- Required action: Copy, word for word, the lines below from the one containing "Elpida Lemon Garden House" up to and including the one containing "Мини-погрузчик Lonking CDM315T - фото 11", with pictures left out.

- Data extract:
◆ ◆ ◆ ◆ ◆

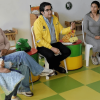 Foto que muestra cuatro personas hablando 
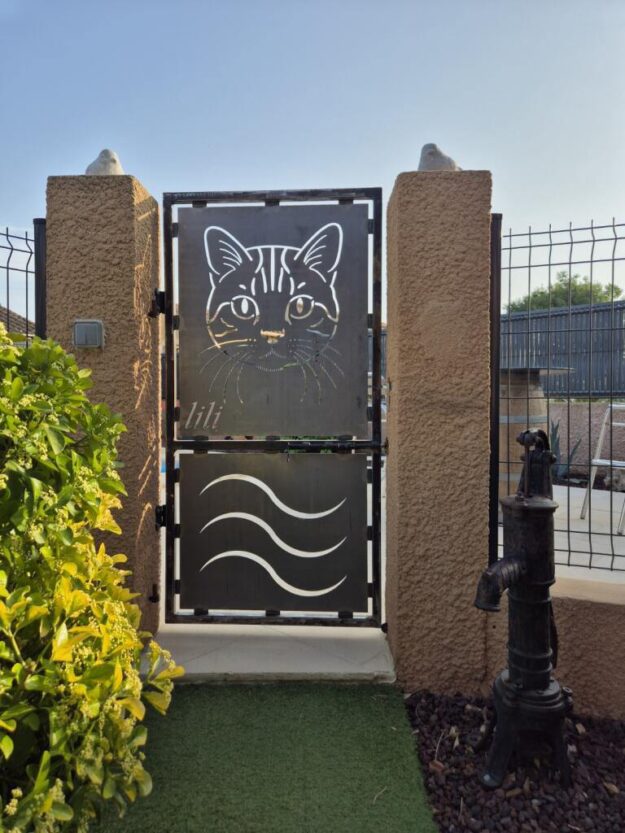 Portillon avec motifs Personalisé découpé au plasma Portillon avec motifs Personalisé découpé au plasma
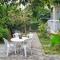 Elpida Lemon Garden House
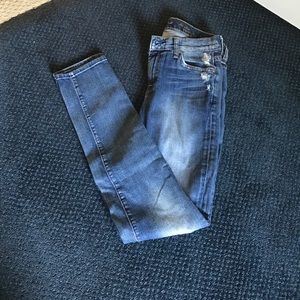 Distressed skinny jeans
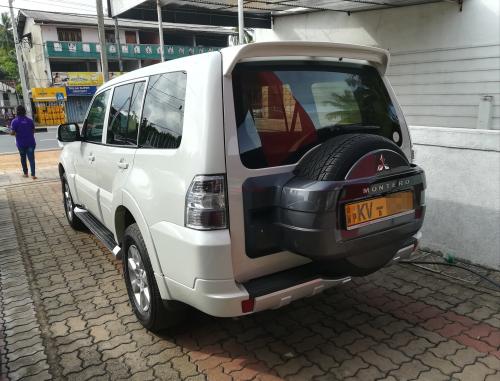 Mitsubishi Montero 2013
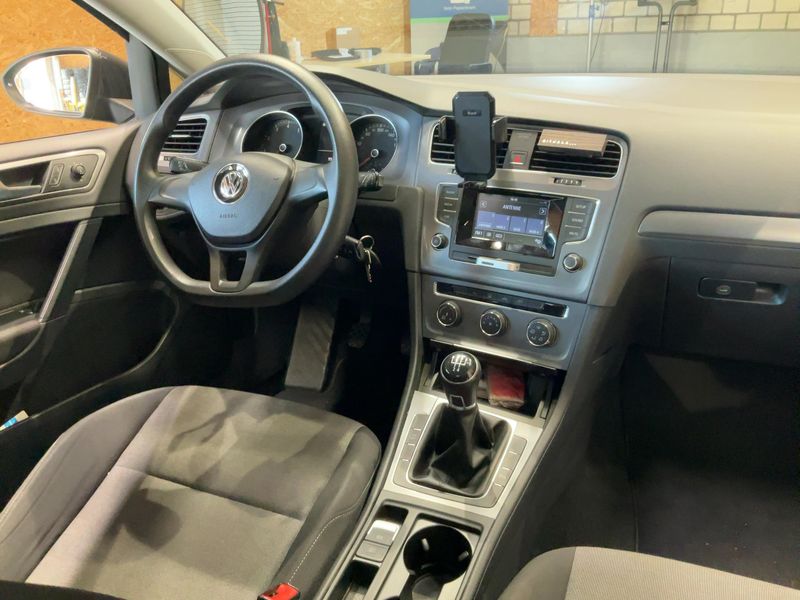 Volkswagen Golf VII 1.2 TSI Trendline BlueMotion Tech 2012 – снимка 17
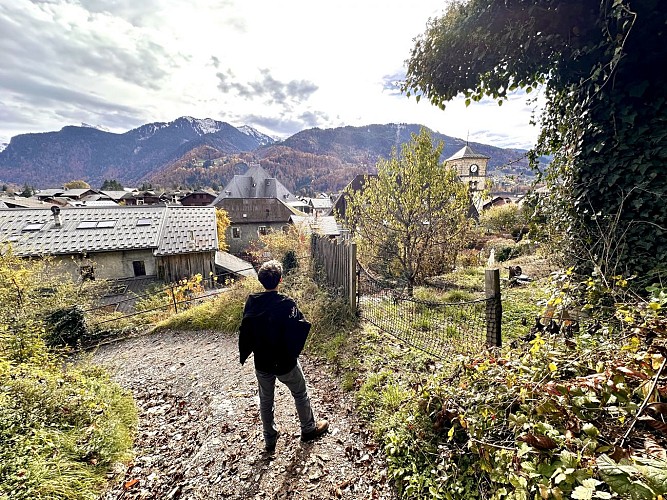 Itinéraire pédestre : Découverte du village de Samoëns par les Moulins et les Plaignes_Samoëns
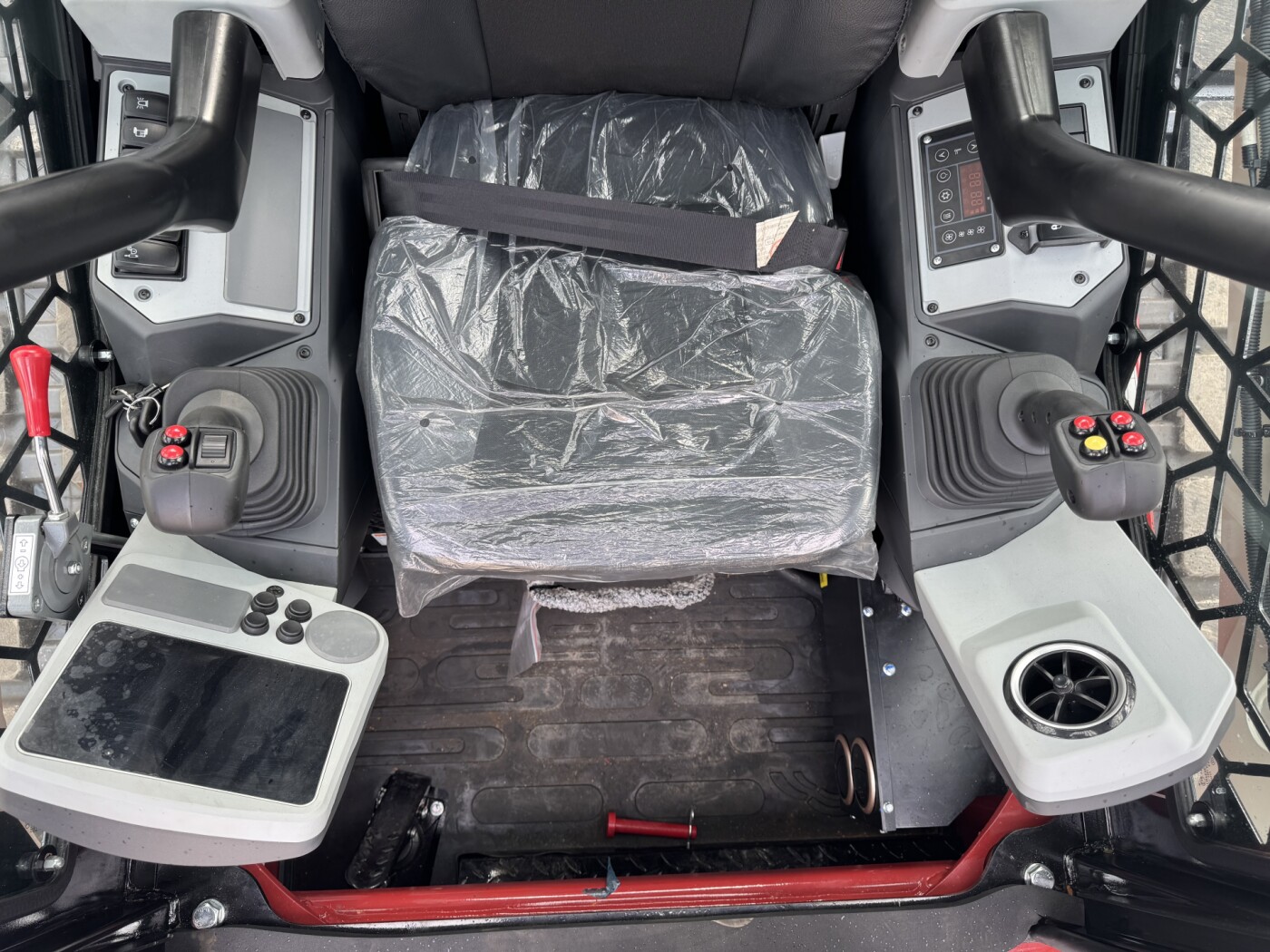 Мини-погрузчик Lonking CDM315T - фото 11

◆ ◆ ◆ ◆ ◆

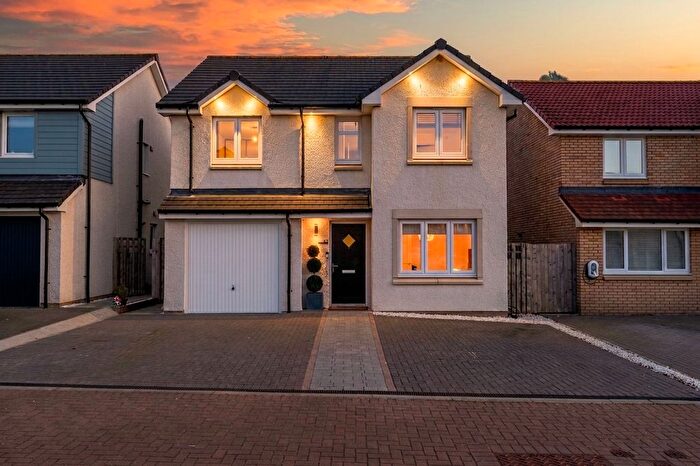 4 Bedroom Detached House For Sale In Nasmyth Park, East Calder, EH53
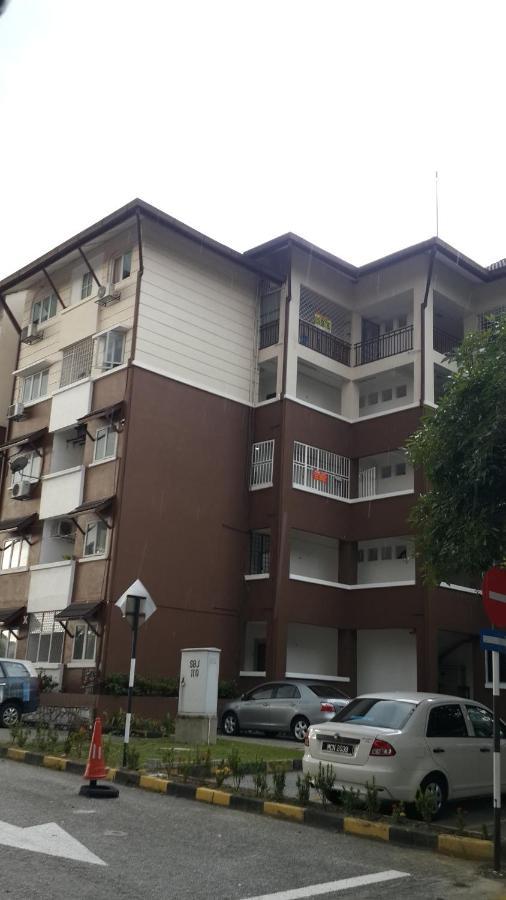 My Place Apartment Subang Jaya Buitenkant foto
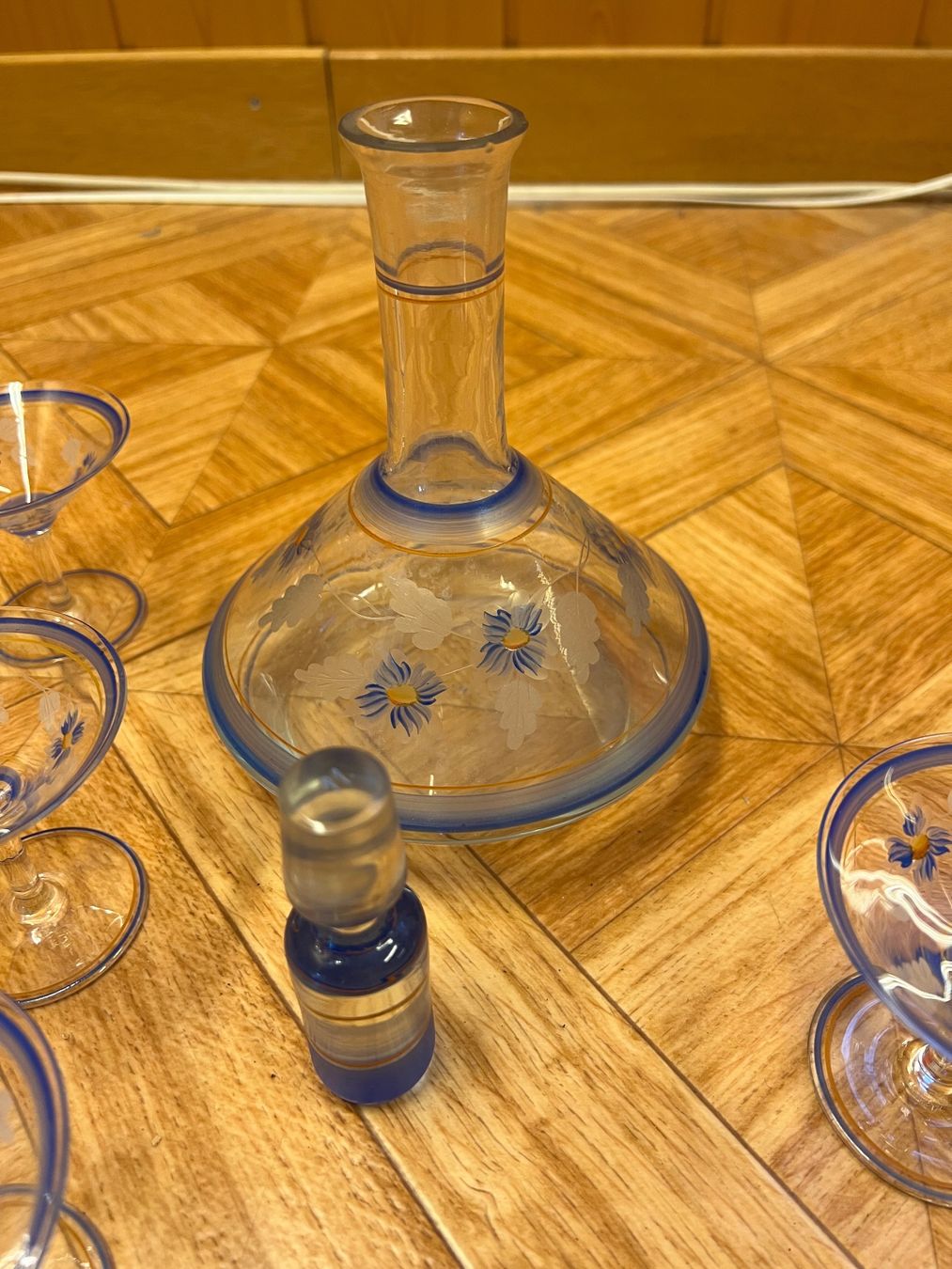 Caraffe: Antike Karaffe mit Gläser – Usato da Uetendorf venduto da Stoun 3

◆ ◆ ◆ ◆ ◆

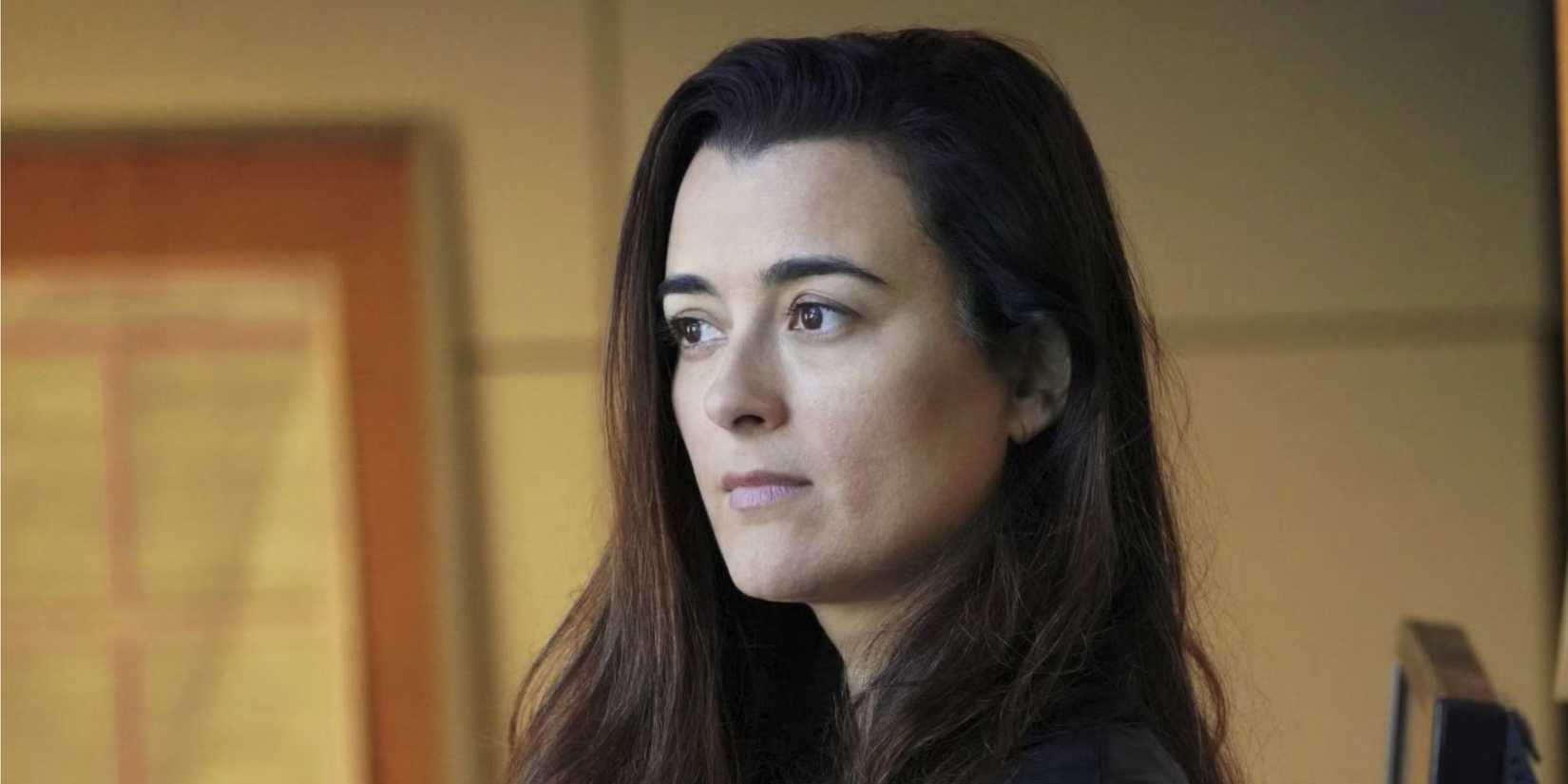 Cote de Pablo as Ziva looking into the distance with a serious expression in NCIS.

◆ ◆ ◆ ◆ ◆

- Your response:
 Elpida Lemon Garden House
 Distressed skinny jeans
 Mitsubishi Montero 2013
 Volkswagen Golf VII 1.2 TSI Trendline BlueMotion Tech 2012 – снимка 17
 Itinéraire pédestre : Découverte du village de Samoëns par les Moulins et les Plaignes_Samoëns
 Мини-погрузчик Lonking CDM315T - фото 11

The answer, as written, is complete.